## Work request:
Begin with the line in which "1969 Black Chevrolet Camaro Coupe" appears and end with the final line of the entries. Retype each one exactly and add nothing.

Extracted records
==========

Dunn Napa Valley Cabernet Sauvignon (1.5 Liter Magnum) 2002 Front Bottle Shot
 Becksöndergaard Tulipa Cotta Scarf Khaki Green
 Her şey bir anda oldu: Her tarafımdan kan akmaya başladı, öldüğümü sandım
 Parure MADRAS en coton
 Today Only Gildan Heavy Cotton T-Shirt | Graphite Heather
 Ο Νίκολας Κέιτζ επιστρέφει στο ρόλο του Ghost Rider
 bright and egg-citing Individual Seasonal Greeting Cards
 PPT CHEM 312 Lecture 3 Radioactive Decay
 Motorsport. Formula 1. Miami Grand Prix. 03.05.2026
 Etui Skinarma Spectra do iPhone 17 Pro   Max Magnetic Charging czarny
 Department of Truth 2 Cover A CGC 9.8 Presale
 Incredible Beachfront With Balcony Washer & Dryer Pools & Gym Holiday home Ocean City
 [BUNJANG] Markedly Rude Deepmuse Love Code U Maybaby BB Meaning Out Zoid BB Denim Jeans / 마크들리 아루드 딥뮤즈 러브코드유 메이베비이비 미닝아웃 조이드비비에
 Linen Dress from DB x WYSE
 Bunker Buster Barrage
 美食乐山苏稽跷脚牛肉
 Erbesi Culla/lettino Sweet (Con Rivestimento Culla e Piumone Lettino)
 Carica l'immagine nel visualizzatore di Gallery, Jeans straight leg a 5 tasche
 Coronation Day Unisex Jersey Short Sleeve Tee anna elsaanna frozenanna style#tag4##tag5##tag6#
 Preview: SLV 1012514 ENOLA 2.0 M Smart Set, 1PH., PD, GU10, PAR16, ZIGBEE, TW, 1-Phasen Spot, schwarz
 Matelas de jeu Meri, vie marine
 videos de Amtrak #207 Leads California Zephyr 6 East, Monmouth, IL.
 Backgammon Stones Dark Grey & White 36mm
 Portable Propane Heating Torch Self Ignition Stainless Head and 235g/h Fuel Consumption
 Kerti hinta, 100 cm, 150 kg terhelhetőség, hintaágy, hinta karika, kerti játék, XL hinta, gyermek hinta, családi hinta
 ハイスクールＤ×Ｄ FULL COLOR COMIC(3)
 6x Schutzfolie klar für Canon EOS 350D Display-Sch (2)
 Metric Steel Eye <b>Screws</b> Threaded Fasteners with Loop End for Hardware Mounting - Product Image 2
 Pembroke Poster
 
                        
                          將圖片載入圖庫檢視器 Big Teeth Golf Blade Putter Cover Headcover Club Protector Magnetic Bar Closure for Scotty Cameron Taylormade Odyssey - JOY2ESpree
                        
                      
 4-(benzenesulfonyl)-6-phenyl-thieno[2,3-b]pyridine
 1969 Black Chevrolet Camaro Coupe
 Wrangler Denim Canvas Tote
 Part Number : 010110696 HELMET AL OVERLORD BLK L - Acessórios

==========

## Solution to the problem:
 1969 Black Chevrolet Camaro Coupe
 Wrangler Denim Canvas Tote
 Part Number : 010110696 HELMET AL OVERLORD BLK L - Acessórios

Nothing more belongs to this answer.